The rise is likely to trigger renewed debate over the widespread use of contracts that offer no guarantee of hours and only those benefits guaranteed by law, such as holiday pay.

The Office for National Statistics said the number of people estimated to be employed on a zero-hours contract in their main job was 697,000, representing 2.3% of all people in employment. In the same period in 2013, the figure was 1.9% of all people in employment, or 586,000.

Overall, because workers often have more than one job official figures showed the number of employment contracts offering no minimum hours jumped from 1.4m in 2013, to 1.8m last year.

The ONS said th e 28% increase was not so much the result of a surge in the number of zero-hours jobs offered by employers last year, but due more to increasing recognition of the contracts by staff when asked by researchers about their employment termsT.

Some of Britain’s largest employers offer zero-hours contracts to employees. Highstreet giants such as JD Wetherspoon, Burger King, Domino’s Pizza, Sports Direct and McDonald’s all use the deals.

Buckingham Palace has offered the contracts to staff working in the summer when the Queen’s main residence is open to the public.

The ONS said over half of businesses in the hotel and catering sectors used the contracts and a quarter of businesses in education made some use of no-guaranteed-hours contracts in August 2014.

Universities and colleges have become large-scale users of zero-hours contracts, while an estimated 160,000 care staff are also on similar deals.

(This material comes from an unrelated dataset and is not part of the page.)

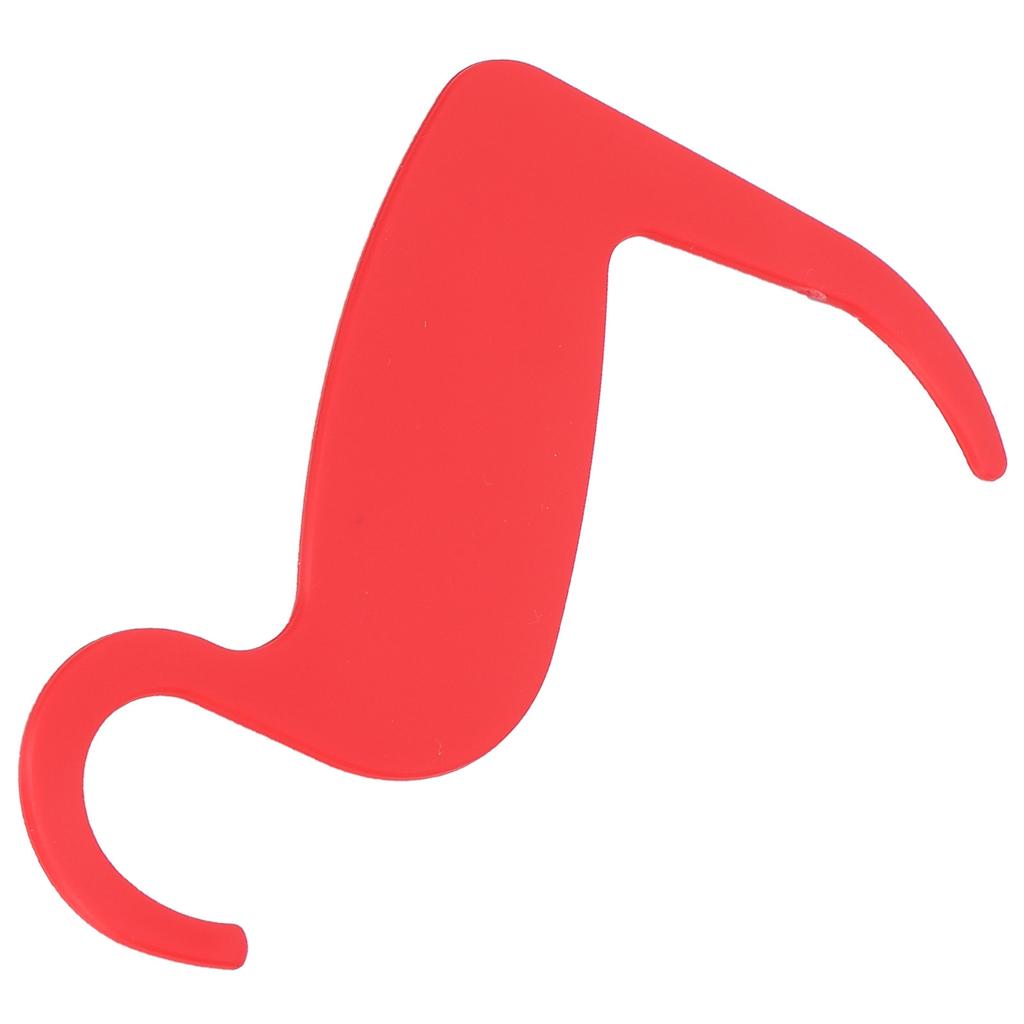 Face MakeUp Stencils Nose Eyebrow Cheekbone   Stencils for Various Face Shapes(Red )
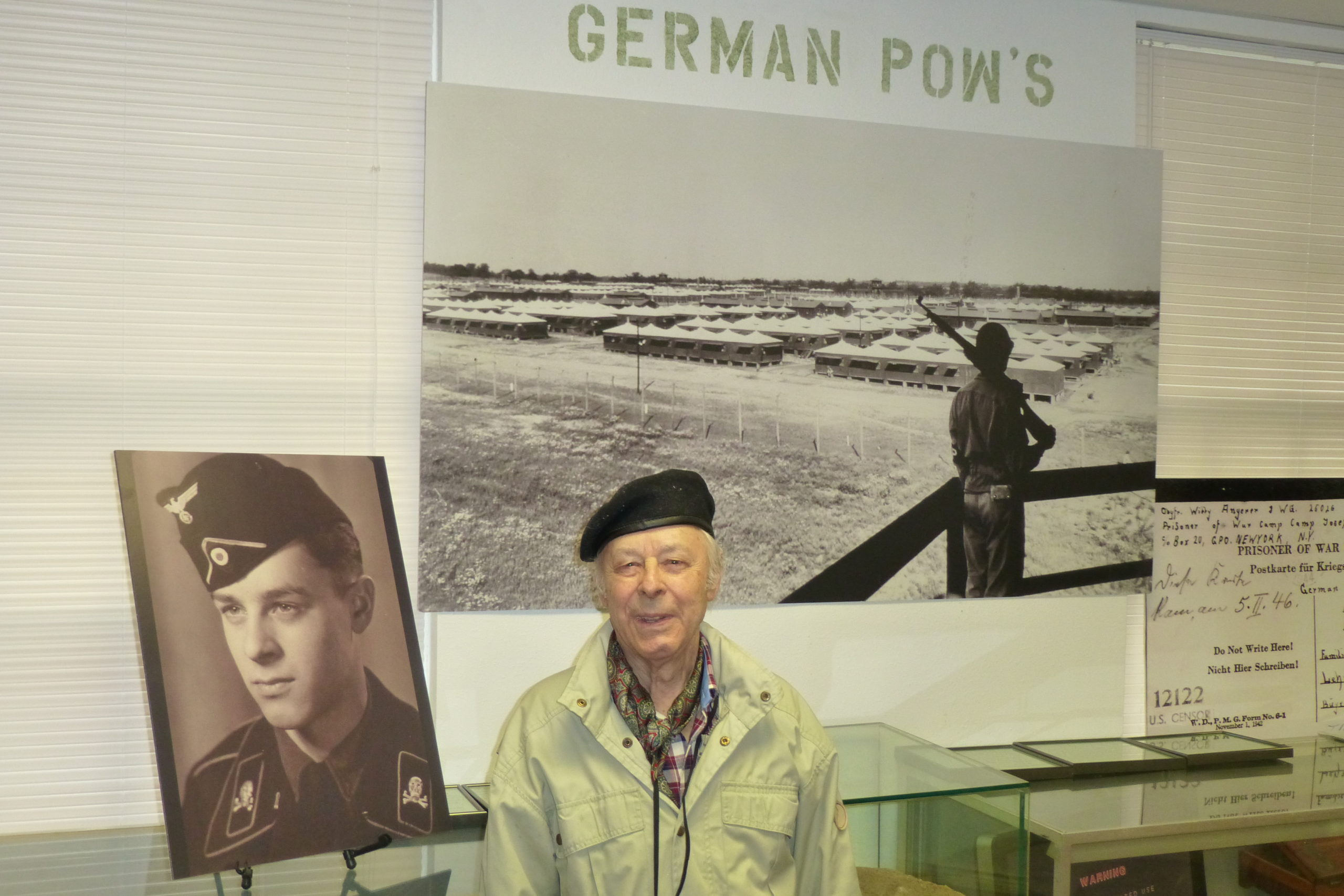 Visiting former POW camp Camp Chaffee, Arkansas with Charley Koenig in 2013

Around a third of people on them want more hours, the ONS added, saying people on zero-hours deals are more likely to be women, students in full-time education or working part-time. They are also more likely to be aged under 25, or 65 and over.

A report in the Daily Mail earlier this month found that scores of MPs, including 36 from Labour , were found to be offering zero-hours contracts to researchers. Based on a series of freedom of information requests, the newspaper also found several Labour-run councils offering zero-hours contracts.

In a speech last year, Ed Miliband accused Sports Direct, which employs 20,000 staff on zero hour contracts, of “Victorian practices” in the way it treats staff. The founder of Sports Direct, Mike Ashley, is being called to the Commons by the Scottish affairs committee over the treatment of employees at its USC retail business and the use of zero-hours contracts.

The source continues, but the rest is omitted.